Jun 27, 2012, 2:45 PM
Various students of the university convened at the National Museum to listen to the historian on the importance of history and the role it plays in life.
The lecture was centred on colonization, nationalism and leadership skills, among other aspects of human development.
Speaking at the training session, the president of the students’ union, Momodou Salieu Sowe, called on his fellow students to be always keen to know, especially about the struggle leading to their country’s independence, as well as to learn the former developments to enrich their understanding of the world for societal development.
“You must be grateful to be among the many students to come to the National Museum to listen to this great historian of ours, to get inspired and to learn how things happened and when they happened.

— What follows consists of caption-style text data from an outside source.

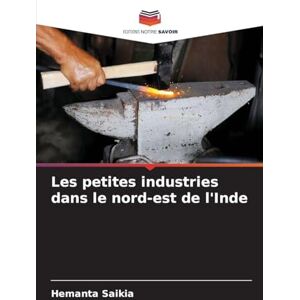 Saikia, Hemanta Les petites industries dans le nord-est de l'Inde Saikia, Hemanta Les petites industries dans le nord-est de l'Inde
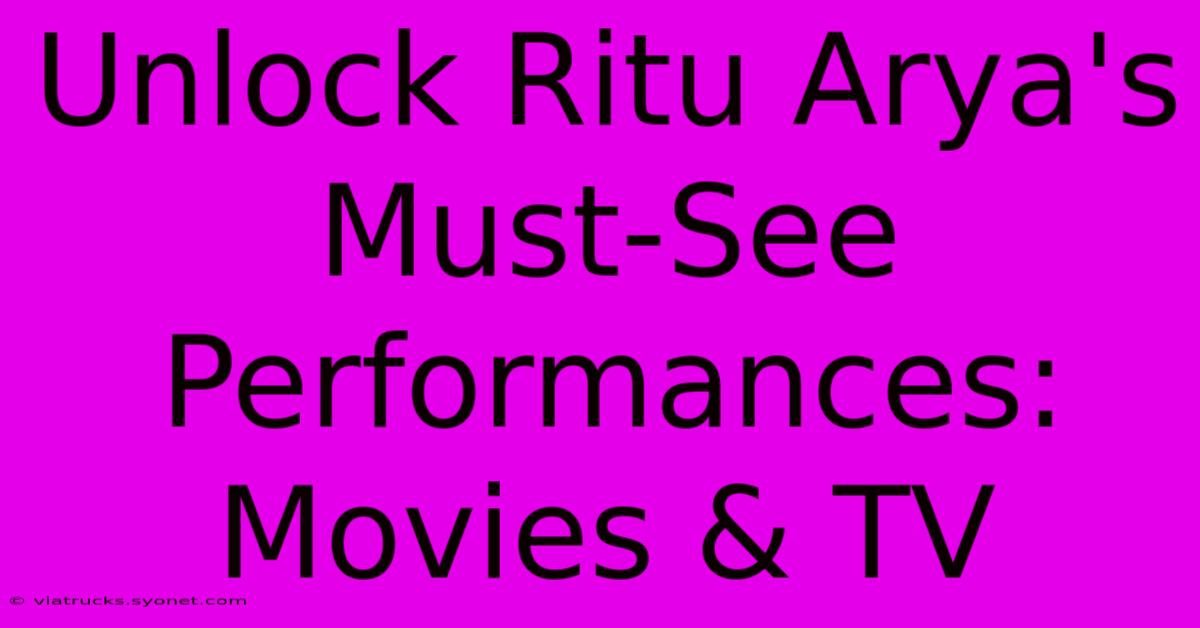 Unlock Ritu Arya's Must-See Performances: Movies & TV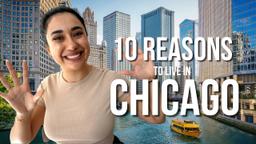 10 Reasons You Should Live in Chicago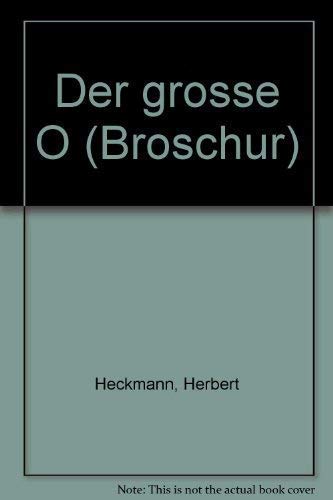 Der grosse O. von Herbert Heckmann. Mit Graphiken von Jörg Remé / Broschur ; 74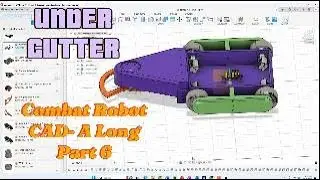 Combat Robot CAD-A-Long using FUSION 360 Part 6 - UnderCutter Weapon Mount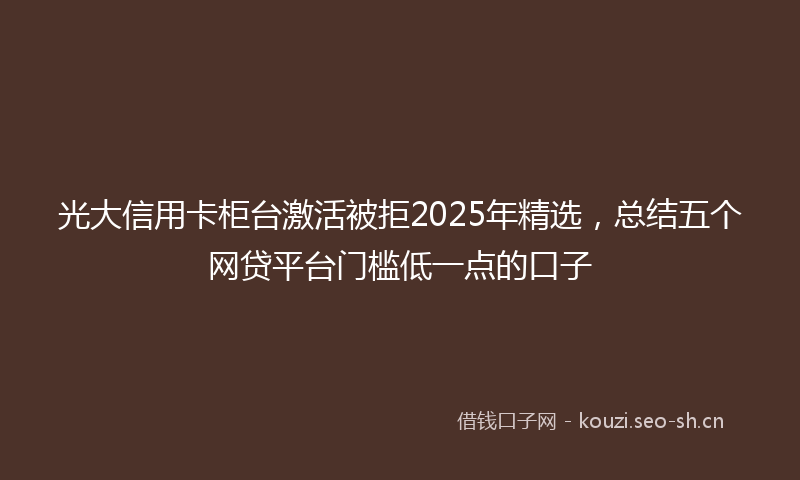 光大信用卡柜台激活被拒2025年精选，总结五个网贷平台门槛低一点的口子
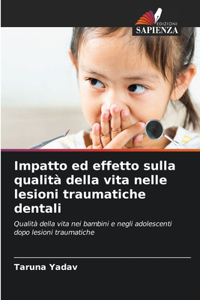 Impatto ed effetto sulla qualità della vita nelle lesioni traumatiche dentali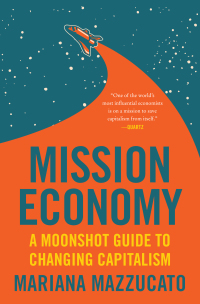mission economy a moonshot guide to changing capitalism 1st edition mariana mazzucato 0063273357, 0063046261,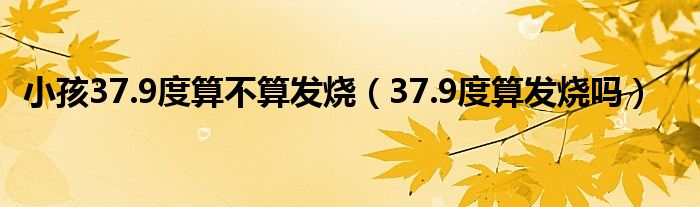 小孩37.9度算不算發(fā)燒（37.9度算發(fā)燒嗎）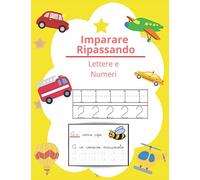 Imparare Ripassando: Impariamo a tracciare l'alfabeto e i numeri con gli animali! Libro da ripassare per bambini in età prescolare.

“This will help you to develop more on your history - it does not matter whether you are from a Chemistry, Geography or Science student.
“It is your responsibility and right to know your country - whether it is through historians or storytellers.”
In his lecture, historian Hassoum Ceesay, who spoke on colonization, nationalism and imperialism, said colonies are territories settled upon by foreign powers.
“The nations that fill the world today are emerging communities that emerged from and or were shaped by the colonial empires that dissolved years later,” he said.
He added: “Nationalism is the struggle to return to independence or nationhood, because nationalism has helped us to drive away the colonial rulers, although we still need leadership skills to face imperialism.”
He further commented on leadership, tactics and challenges vis-á-vis the struggle to gain national independence.
“A good leader is a person who inspires by leading and by doing good things that will convince people that he/she is leading by example, thus leadership should also be celebrated because leadership is always positive.”
Mr Ceesay said there are, however, challenges to be faced in the drive to attain national development. He cited massive illiteracy as a major challenge in achieving national development, which has to be overcomed.